What is, then, the number of cool divisors of a number $$$x$$$? I'll refer to this as the coolness of $$$x$$$, similarly to how the problem talks about the coolness of a set. If I write $$$x$$$ as the product of its prime factors:

$$$ x = 2^{k_0} p_1^{k_1} p_2^{k_2} \cdots p_s^{k_s}, $$$

then:

  • if $$$k_0 = 0$$$, then the coolness is $$$1 + k_1 + k_2 + \cdots + k_s$$$.
  • if $$$k_0 = 1$$$, then the coolness is $$$1 + 1 + 2(k_1 + k_2 + \cdots + k_s)$$$.
  • if $$$k_0 \ge 2$$$, then the coolness is $$$1 + 2 + 2(k_1 + k_2 + \cdots + k_s)$$$.

The fact that 1 is considered cool is annoying, so is the fact that 2 is different from other primes. We can get rid of the $$$+1$$$ at the beginning of each of these expressions by separately counting, for each query, the total number of sets we are summing over, and adding that number to the answer. As for the rest, the plan is as follows:

  • Initially pretend that the coolness of every number and set is $$$2(k_1 + k_2 + \cdots + k_s)$$$, calculate the answer using that.
  • Now pretend that the coolness of every number and set is $$$k_1 + k_2 + \cdots + k_s$$$. Solve the problem considering only odd numbers, since sets of odd numbers are the ones for which we initially used the wrong coolness. Subtract that from the answer.
  • Count the number of sets that we are interested in that contain at least one even number. Add twice that count to the answer.
  • Count the number of sets that we are interested in that contains exactly one even number, such that that even number is not divisible by 4. Subtract that from the answer.
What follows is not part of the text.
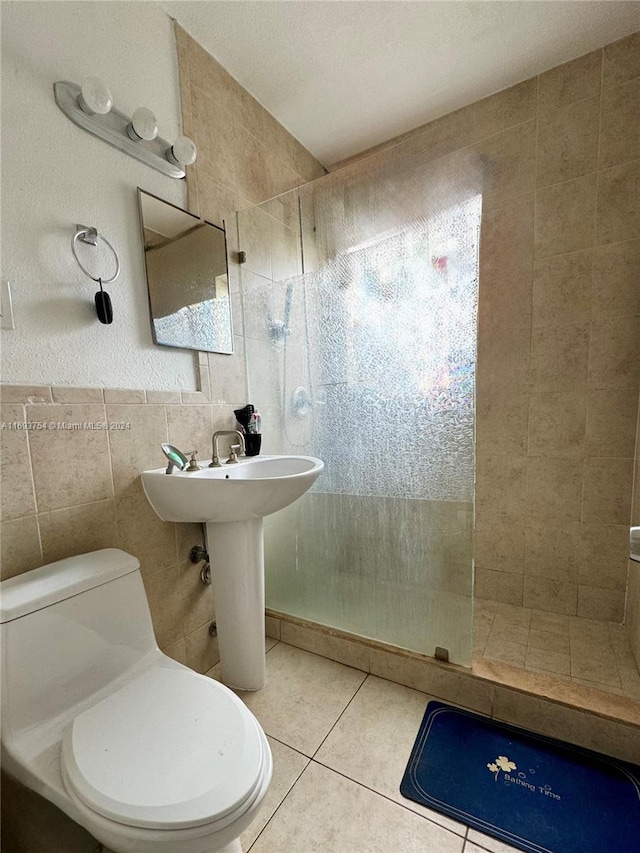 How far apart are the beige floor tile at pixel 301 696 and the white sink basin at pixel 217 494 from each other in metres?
0.74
That's a lot of subproblems. Let's look only at the first one, since the others can be solved by similar techniques.

Now we say that the coolness of a number $$$x$$$ is $$$2(k_1 + k_2 + \cdots + k_s)$$$, where $$$x = 2^{k_0} p_1^{k_1} \cdots p_s^{k_s}$$$. Similarly, the coolness of a set is the coolness of the product of its elements. Now, notice that because of how coolness is defined, the coolness of a set is also the sum of the coolnesses of its elements (**key observation**!).

Now we have a new problem yet again. We are given an array $$$c_1, c_2, \ldots$$$, where $$$c_i$$$ is the coolness of the number $$$i$$$. This array is known to us and not part of the input, and we can precalculate it once, at the beginning of the solution, not for each query. We want to find the sum of $$$\sum_{i \in T} c_i$$$ over all sets $$$T$$$ with size between $$$A$$$ and $$$B$$$ such that $$$T \subseteq \{L, L + 1, \ldots, R\}$$$.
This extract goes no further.